Parks Department achieves accreditation
Atlanta’s Parks, Recreation and Cultural Affairs Department, which has been criticized in the past, reached a major milestone in March by passing accreditation guidelines set by the Commission for Accreditation of Parks & Recreation Agencies.
The commission measured Atlanta in 155 categories, such as programming, park acquisition, fiscal management and security.
Mayor Shirley Franklin said the accreditation is important because it shows the department is on the right track. It also could result in more money from philanthropic foundations.
“This has been a long, long road,” said the department’s commissioner, Dianne Harnell Cohen. The department worked toward accreditation for four years.
Eight years ago, the Trust for Public Land ranked Atlanta among the nation’s worst cities for parks. Since 2002, the city has purchased more than 1,000 acres of parkland and green space. The city also increased its tree canopy from 23 percent in 2001 to 27 percent by 2005.
Web site to measure city’s performance
The city of Atlanta has launched a performance management system, the ATLStat public Web site, to provide Mayor Shirley Franklin and her senior management team with real-time information regarding the performance and effectiveness of city services.
The management team typically meets weekly to review the operating performance of city departments. The team uses ATLStat to identify and solve service delivery issues. The mayor says service delivery has improved and significant operating savings have been identified across agencies as a consequence of the in-depth focus on day-to-day performance.
The ATLStat process has three primary goals:
• Information — Provide periodic operating statistics to the mayor and chief operating officer that convey the quality of service delivery.
• Management — Provide a management tool that increases accountability in senior management by setting performance targets and tracking progress toward those targets.
• Transparency — Create a public window into the performance of city services.
The ATLStat site provides operating highlights of recent ATLStat sessions, information on eight key performance measures and links to departmental scorecards.
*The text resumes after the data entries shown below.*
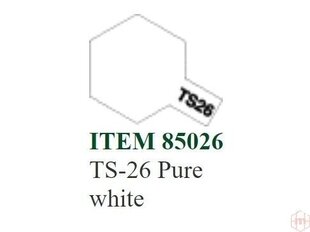 Purškiami dažai Tamiya TS-26 Pure white, 100 ml kaina ir informacija | Piešimo, tapybos, lipdymo reikmenys | pigu.lt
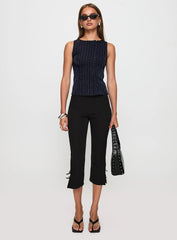 Running Wild Top Blue Stripe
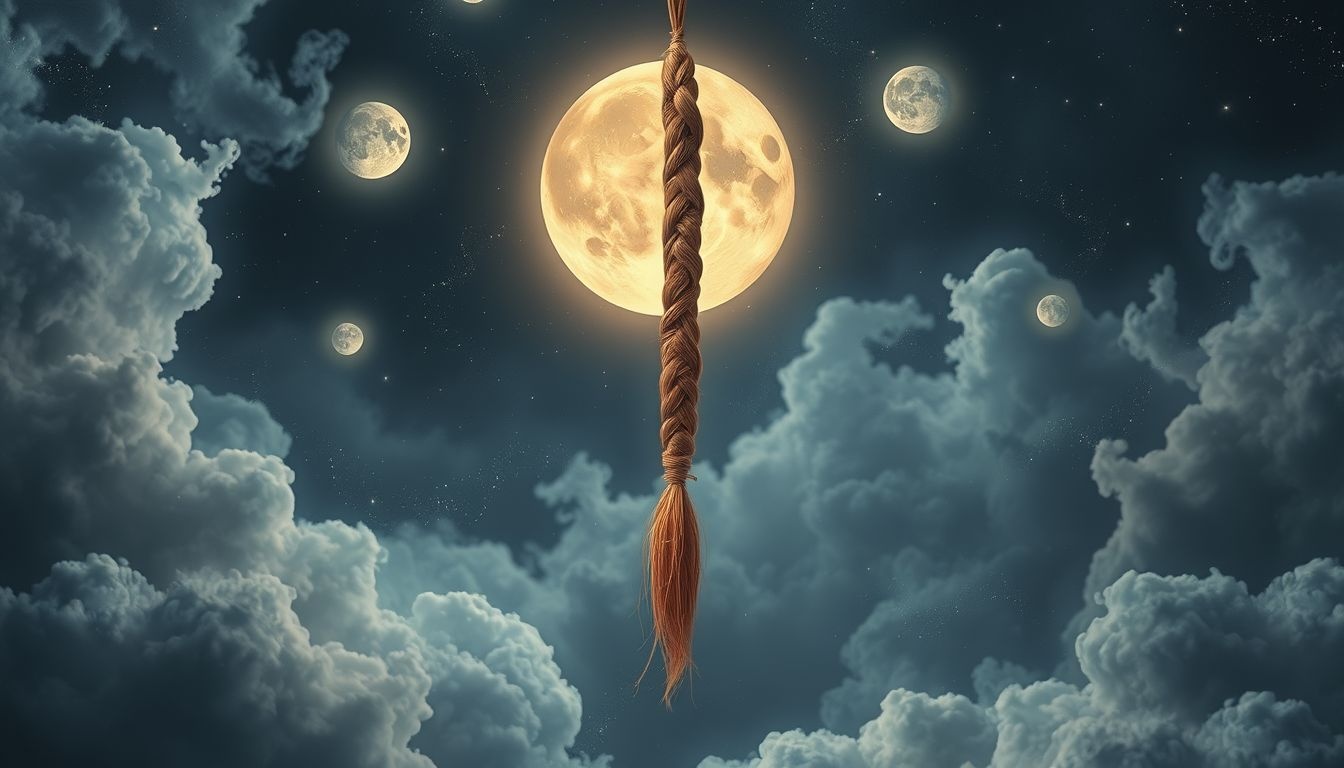 Rêver d’une natte de paille et de lune révèle l’intuition cachée.
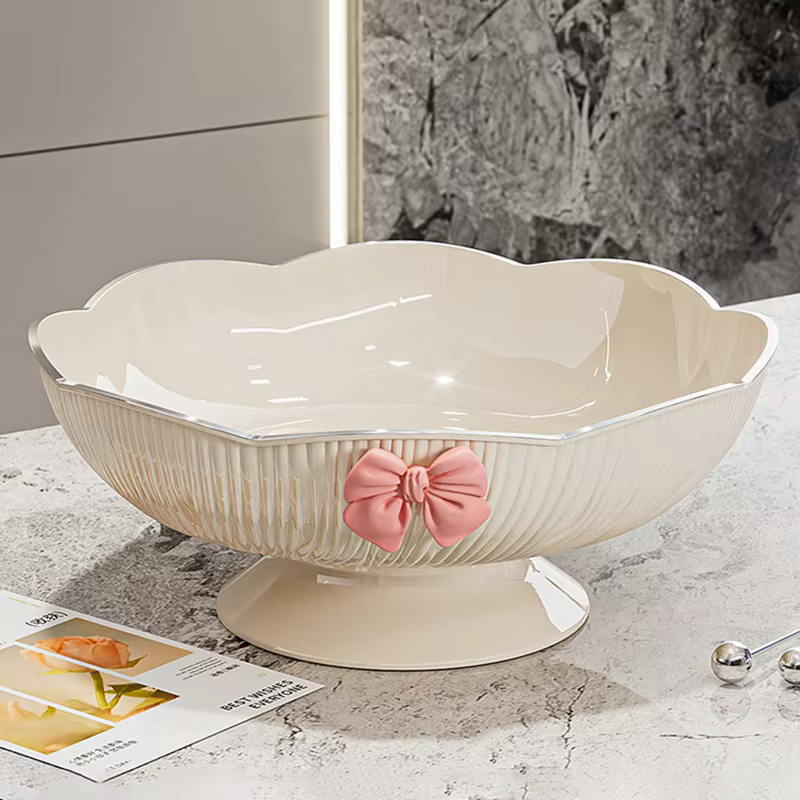 maveraHM4、21Pc assiette de fruits de bonbons en plastique pour la maison Table basse plateau de bonb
The scorecards are updated periodically, based on the nature of measures.
The link to the ATLStat site is available at www.atlantaga.gov.
Court favors city in suit with online travel firms
The Georgia Supreme Court ruled March 23 in favor of the city of Atlanta in its lawsuit against numerous online travel companies for unpaid hotel occupancy taxes. The court reinstated the case.
In the lawsuit, the city alleges that online travel companies such as Expedia and Hotels.com charge consumers a retail price for hotel rooms but remit hotel occupancy taxes based on the undisclosed wholesale rate that they pay the hotels. The city believes it is entitled to receive the tax on the price paid by consumers.
The Supreme Court held that the city was entitled to proceed with its litigation to secure a ruling on the threshold issue of whether the defendants are required to pay the occupancy tax on the full room rate.
Brand Atlanta loses funding from city
Atlanta Mayor Shirley Franklin has pulled the plug on funding of the city’s 3-year-old marketing campaign, Brand Atlanta, citing the effects of the recession on the city’s finances.
After spending $8 million on Brand Atlanta since October 2005, Franklin suspended public funding March 9, which will force the organization to operate without a staff.
Although the mayor said marketing is crucial to the city’s ability to attract tourists, she said Brand Atlanta is going to have to look to the private sector to support its activities.
City learns it can charge more for late water bills
Just when Atlanta residents are being laid off and struggling to pay their bills, Atlanta Watershed Management Commissioner Rob Hunter has announced that, effective May 1, his department is changing its late fee policy, likely increasing costs for those who miss the payment date by even a day.
The Department of Water Management now tacks a 5 percent late fee onto water bills, but Hunter recently discovered that for nearly three years the city code has given his staff the option of charging 5 percent or $5 for late payments.
In the name of complying with the code, the department now will impose a $5 late charge if it is more than 5 percent of the past-due balance.
The city’s Code of Ordinances reads, “A late fee of $5 or 5 percent of the total bill, whichever is greater, will be assessed on all water and sewer bills rendered that are not paid by the established due date on the bill.”
Because the overdue amount has to be more than $100 for the 5 percent calculation to be more than $5, the flat fee is usually higher for late water payments.